◆ EXERCISE INPUT:

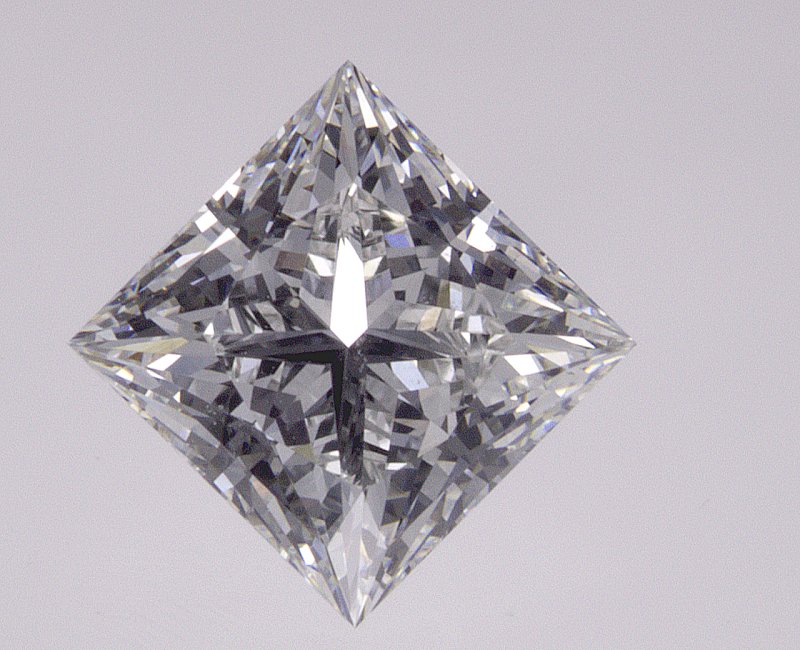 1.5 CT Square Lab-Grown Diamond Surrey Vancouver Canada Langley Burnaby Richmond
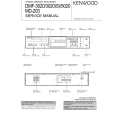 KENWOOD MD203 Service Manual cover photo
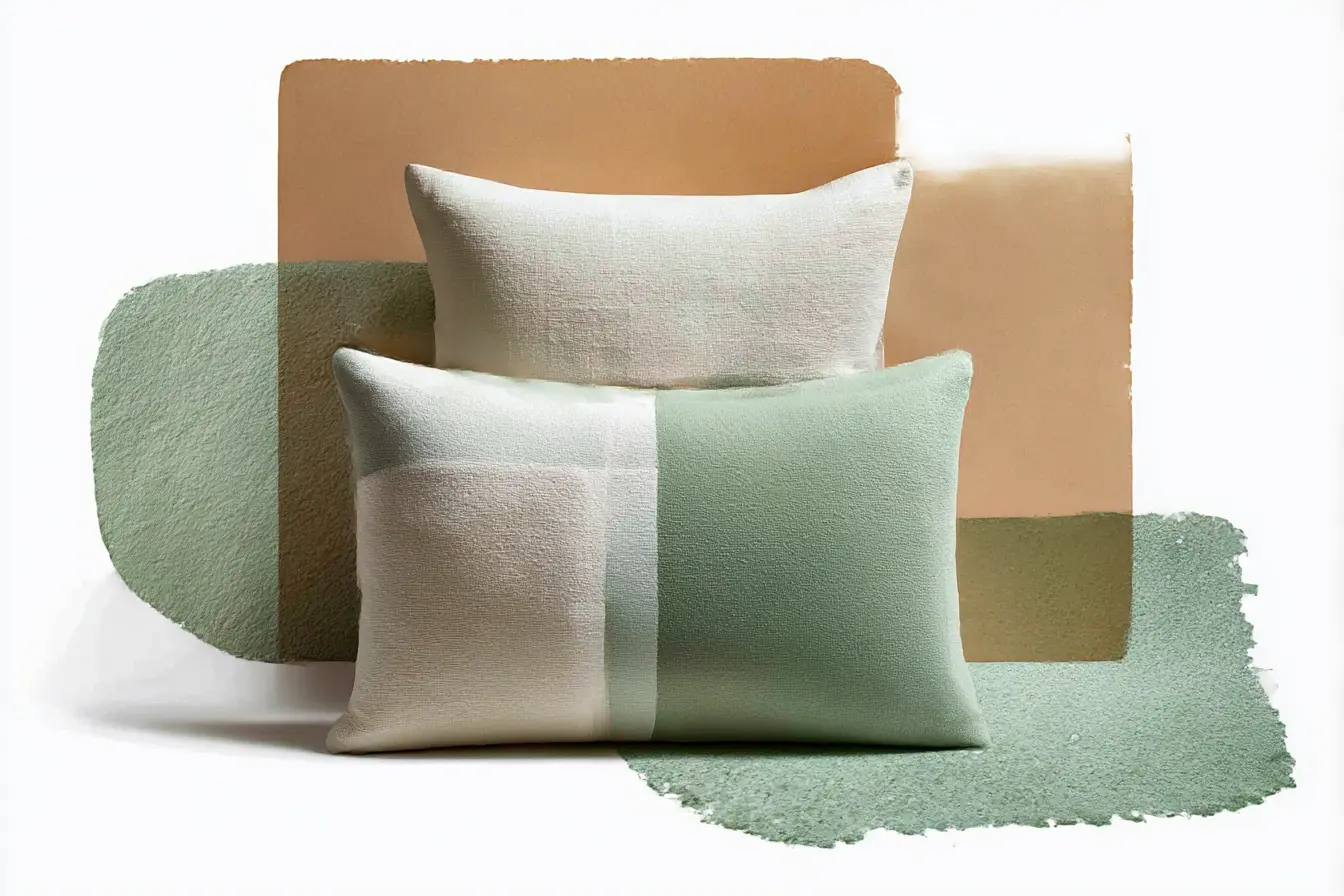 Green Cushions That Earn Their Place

* * *

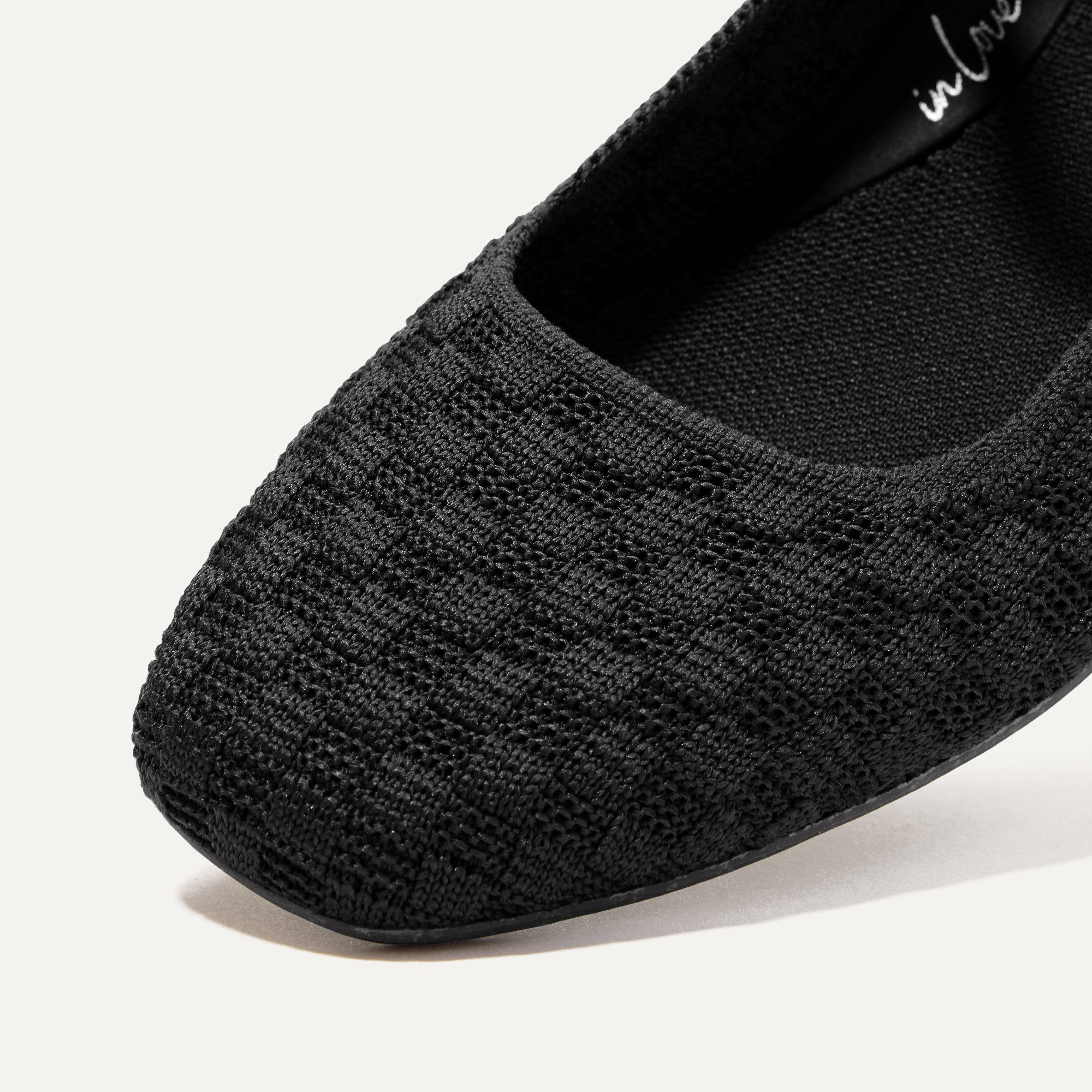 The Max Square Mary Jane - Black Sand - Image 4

==

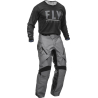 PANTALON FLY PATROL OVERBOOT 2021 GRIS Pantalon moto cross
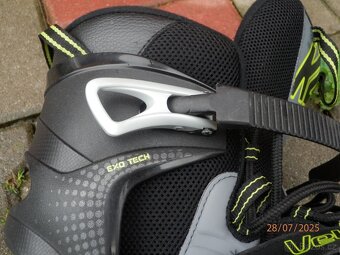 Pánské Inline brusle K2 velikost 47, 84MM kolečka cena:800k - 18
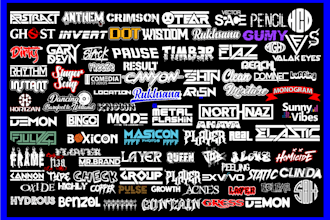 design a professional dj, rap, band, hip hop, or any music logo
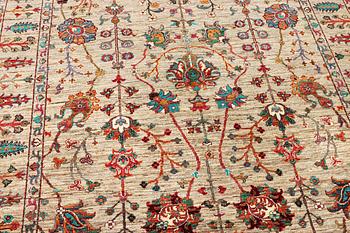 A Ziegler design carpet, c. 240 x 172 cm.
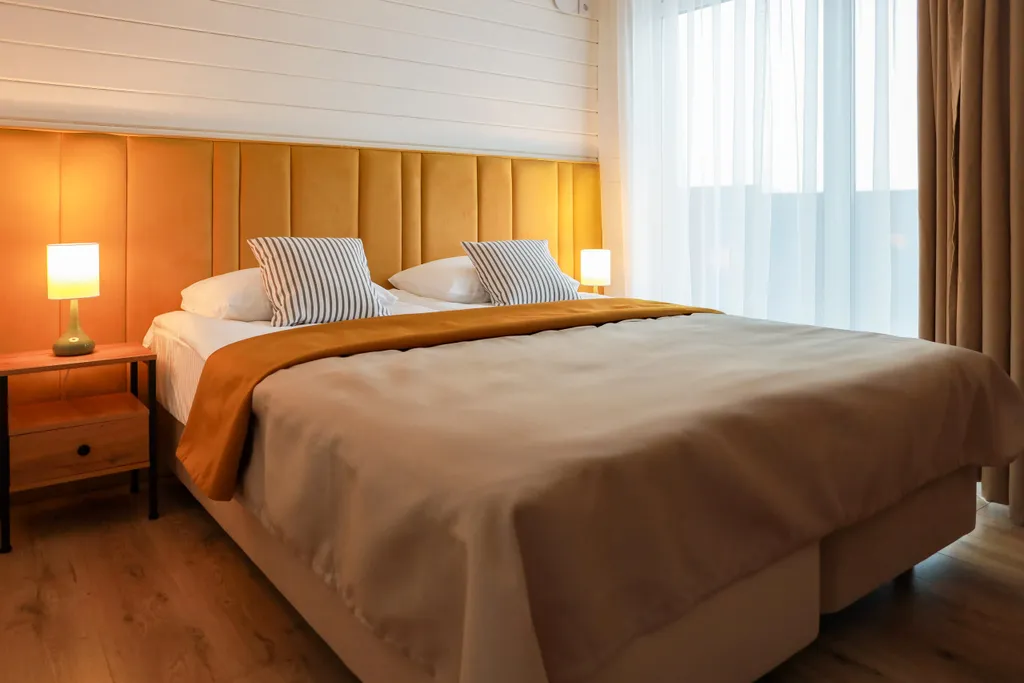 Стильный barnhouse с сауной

◆ ABOUT THIS EXERCISE:
In the data above, the stretch from the line with "Pánské Inline brusle" through the line with "Стильный barnhouse с сауной" is to be returned exactly, minus any pictures.

◆ TASK RESULT:
 Pánské Inline brusle K2 velikost 47, 84MM kolečka cena:800k - 18
 design a professional dj, rap, band, hip hop, or any music logo
 A Ziegler design carpet, c. 240 x 172 cm.
 Стильный barnhouse с сауной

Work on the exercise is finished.